On 7/11/24 12:45 PM, Roger Sayle wrote:
This patch improves the speed of ARC's ashrsi3 and lshrsi3, on CPUs
without a barrel shifter, when not optimizing for size. The current
implementations of right shifts by a constant are optimal for code
size, but at significant performance cost.
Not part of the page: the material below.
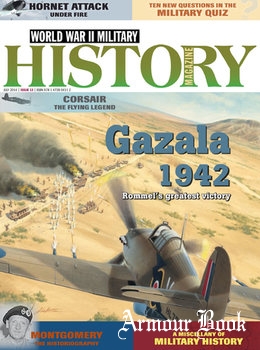World War II Military History Magazine 2014-07 (13)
By emitting an extra
instruction or two, when not optimizing for size, we can improve
performance (sometimes dramatically).
[al]shrsi3 #5 Before 4 insns@12 cycles, after 5 insns@5 cycles
Without -mswap
[al]shrsi3 #29 Before 4 insns@60 cycles, after 5 insns@31 cycles
With -mswap
lshrsi3 #29 Before 4 insns@60 cycles, after 6 insns@16 cycles
This patch has been minimally tested by building a cross-compiler
to arc-linux hosted on x86_64-pc-linux-gnu where there are no new
failures from "make -k check" in the compile-only tests.
Ok for mainline (after 3rd-party testing)?
2024-07-11 Roger Sayle <ro...@nextmovesoftware.com>
gcc/ChangeLog
* config/arc/arc.cc (arc_split_ashr): When not optimizing for
size; fully unroll ashr #5, on TARGET_SWAP for shifts between
19 and 29, perform ashr #16 using two instructions then
recursively perform the remaining shift, and for shifts by
odd amounts perform a single shift then the remainder
of the shift using a loop doing two bits per iteration.
(arc_split_lshr): Likewise.
Claudiu should have the last say here. But I did throw this into my
tester which didn't report any problems. But note that for arc-elf my
tester doesn't have a simulator, so all the execution tests are assumed
to pass.
jeff